Currently, the composter is digesting an average of 233 kilograms of organic material a week, including waste from the student’s union, bar, kitchens and halls of residence. The current composter has a capacity of 250 kilograms per week. Since the university is growing so quickly, to deal with an expected increase in organic waste, extra chambers may be bolted onto the side of the composer.

Yet the composter is not only performing a physical function on campus, it is also the focus of a behavioural programme that Katy hopes will see staff and students alike change their attitude towards recycling. Since the large and obvious industrial kit has been placed in the centre of campus, it is used as a focal point for all things environmental. For this reason, Katy is keen to keep the graphics fresh and eye-catching, and in line with those of other university schemes.

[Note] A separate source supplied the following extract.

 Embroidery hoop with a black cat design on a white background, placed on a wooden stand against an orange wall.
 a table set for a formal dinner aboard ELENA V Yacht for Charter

Display boards bolted to the side of the composter tell the story of the worms and process within, serving as a talking point for the many campus tours that pass the site.

“The central location of the composter is a great way to introduce the university’s sustainability projects at open days,” Katy said. “Part of this project is about preparing new students for life on campus, and the presence of the composter serves as a way to raise the university’s other environmental projects, such as the allotments available for students to grow their own fruit and vegetables, along with a herb garden we have provided near the halls of residence.”

Does Katy have any advice she would give to someone looking into a similar project?

“It’s all about getting the timing right: The timing was right for us, with the changes in services provided by the local council, and because at the same time we were launching another behavioural change project.

“You have to be careful planning these things: Realise that however carefully you do plan, you will inevitably have to make changes along the way, so be willing to reflect back. On the behavioural side, if you’re asking others to change, you have to make sure that you can change too.”